[Required work]: Say the data back exactly as it is written below.

■ ■ ■ ■ ■ ■ ■

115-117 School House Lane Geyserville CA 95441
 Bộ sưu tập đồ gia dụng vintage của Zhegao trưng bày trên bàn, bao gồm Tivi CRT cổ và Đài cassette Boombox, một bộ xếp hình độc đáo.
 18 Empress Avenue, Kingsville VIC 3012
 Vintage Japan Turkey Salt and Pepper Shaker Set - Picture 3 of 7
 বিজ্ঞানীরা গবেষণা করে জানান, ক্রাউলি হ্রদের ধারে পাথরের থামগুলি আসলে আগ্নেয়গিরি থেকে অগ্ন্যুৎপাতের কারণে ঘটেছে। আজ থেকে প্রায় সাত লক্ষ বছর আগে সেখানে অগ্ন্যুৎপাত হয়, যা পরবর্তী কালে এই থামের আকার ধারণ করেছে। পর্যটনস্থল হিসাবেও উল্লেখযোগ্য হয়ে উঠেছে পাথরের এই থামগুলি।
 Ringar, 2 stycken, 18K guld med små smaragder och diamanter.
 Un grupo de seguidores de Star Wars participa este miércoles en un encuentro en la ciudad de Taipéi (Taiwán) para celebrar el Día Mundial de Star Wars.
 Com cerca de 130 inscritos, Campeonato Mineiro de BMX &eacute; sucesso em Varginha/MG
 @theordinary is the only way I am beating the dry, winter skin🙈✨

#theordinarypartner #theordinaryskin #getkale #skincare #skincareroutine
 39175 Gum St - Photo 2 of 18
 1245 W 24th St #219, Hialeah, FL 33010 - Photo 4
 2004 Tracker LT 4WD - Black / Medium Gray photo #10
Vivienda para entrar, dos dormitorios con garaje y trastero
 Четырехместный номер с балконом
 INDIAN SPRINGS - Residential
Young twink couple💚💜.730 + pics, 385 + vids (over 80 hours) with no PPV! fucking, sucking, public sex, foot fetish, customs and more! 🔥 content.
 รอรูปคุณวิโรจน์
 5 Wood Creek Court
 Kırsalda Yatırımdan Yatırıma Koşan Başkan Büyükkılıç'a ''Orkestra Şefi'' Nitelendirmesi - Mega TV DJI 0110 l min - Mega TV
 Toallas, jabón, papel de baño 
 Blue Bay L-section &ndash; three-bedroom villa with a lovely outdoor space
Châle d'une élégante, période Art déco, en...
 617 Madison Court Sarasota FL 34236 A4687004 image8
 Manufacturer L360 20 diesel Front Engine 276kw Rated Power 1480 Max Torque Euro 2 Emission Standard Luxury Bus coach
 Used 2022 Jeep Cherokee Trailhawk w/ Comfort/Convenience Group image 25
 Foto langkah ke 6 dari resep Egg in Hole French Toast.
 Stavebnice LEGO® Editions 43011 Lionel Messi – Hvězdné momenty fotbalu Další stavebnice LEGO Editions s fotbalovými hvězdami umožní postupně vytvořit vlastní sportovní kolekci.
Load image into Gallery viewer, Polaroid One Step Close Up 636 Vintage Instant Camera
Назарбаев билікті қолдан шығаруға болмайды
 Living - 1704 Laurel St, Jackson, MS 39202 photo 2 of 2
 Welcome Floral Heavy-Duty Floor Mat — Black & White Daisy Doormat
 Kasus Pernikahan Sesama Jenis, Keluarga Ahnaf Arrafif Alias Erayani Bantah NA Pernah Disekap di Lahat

■ ■ ■ ■ ■ ■ ■

[Answer box]:
115-117 School House Lane Geyserville CA 95441
 Bộ sưu tập đồ gia dụng vintage của Zhegao trưng bày trên bàn, bao gồm Tivi CRT cổ và Đài cassette Boombox, một bộ xếp hình độc đáo.
 18 Empress Avenue, Kingsville VIC 3012
 Vintage Japan Turkey Salt and Pepper Shaker Set - Picture 3 of 7
 বিজ্ঞানীরা গবেষণা করে জানান, ক্রাউলি হ্রদের ধারে পাথরের থামগুলি আসলে আগ্নেয়গিরি থেকে অগ্ন্যুৎপাতের কারণে ঘটেছে। আজ থেকে প্রায় সাত লক্ষ বছর আগে সেখানে অগ্ন্যুৎপাত হয়, যা পরবর্তী কালে এই থামের আকার ধারণ করেছে। পর্যটনস্থল হিসাবেও উল্লেখযোগ্য হয়ে উঠেছে পাথরের এই থামগুলি।
 Ringar, 2 stycken, 18K guld med små smaragder och diamanter.
 Un grupo de seguidores de Star Wars participa este miércoles en un encuentro en la ciudad de Taipéi (Taiwán) para celebrar el Día Mundial de Star Wars.
 Com cerca de 130 inscritos, Campeonato Mineiro de BMX &eacute; sucesso em Varginha/MG
 @theordinary is the only way I am beating the dry, winter skin🙈✨

#theordinarypartner #theordinaryskin #getkale #skincare #skincareroutine
 39175 Gum St - Photo 2 of 18
 1245 W 24th St #219, Hialeah, FL 33010 - Photo 4
 2004 Tracker LT 4WD - Black / Medium Gray photo #10
Vivienda para entrar, dos dormitorios con garaje y trastero
 Четырехместный номер с балконом
 INDIAN SPRINGS - Residential
Young twink couple💚💜.730 + pics, 385 + vids (over 80 hours) with no PPV! fucking, sucking, public sex, foot fetish, customs and more! 🔥 content.
 รอรูปคุณวิโรจน์
 5 Wood Creek Court
 Kırsalda Yatırımdan Yatırıma Koşan Başkan Büyükkılıç'a ''Orkestra Şefi'' Nitelendirmesi - Mega TV DJI 0110 l min - Mega TV
 Toallas, jabón, papel de baño 
 Blue Bay L-section &ndash; three-bedroom villa with a lovely outdoor space
Châle d'une élégante, période Art déco, en...
 617 Madison Court Sarasota FL 34236 A4687004 image8
 Manufacturer L360 20 diesel Front Engine 276kw Rated Power 1480 Max Torque Euro 2 Emission Standard Luxury Bus coach
 Used 2022 Jeep Cherokee Trailhawk w/ Comfort/Convenience Group image 25
 Foto langkah ke 6 dari resep Egg in Hole French Toast.
 Stavebnice LEGO® Editions 43011 Lionel Messi – Hvězdné momenty fotbalu Další stavebnice LEGO Editions s fotbalovými hvězdami umožní postupně vytvořit vlastní sportovní kolekci.
Load image into Gallery viewer, Polaroid One Step Close Up 636 Vintage Instant Camera
Назарбаев билікті қолдан шығаруға болмайды
 Living - 1704 Laurel St, Jackson, MS 39202 photo 2 of 2
 Welcome Floral Heavy-Duty Floor Mat — Black & White Daisy Doormat
 Kasus Pernikahan Sesama Jenis, Keluarga Ahnaf Arrafif Alias Erayani Bantah NA Pernah Disekap di Lahat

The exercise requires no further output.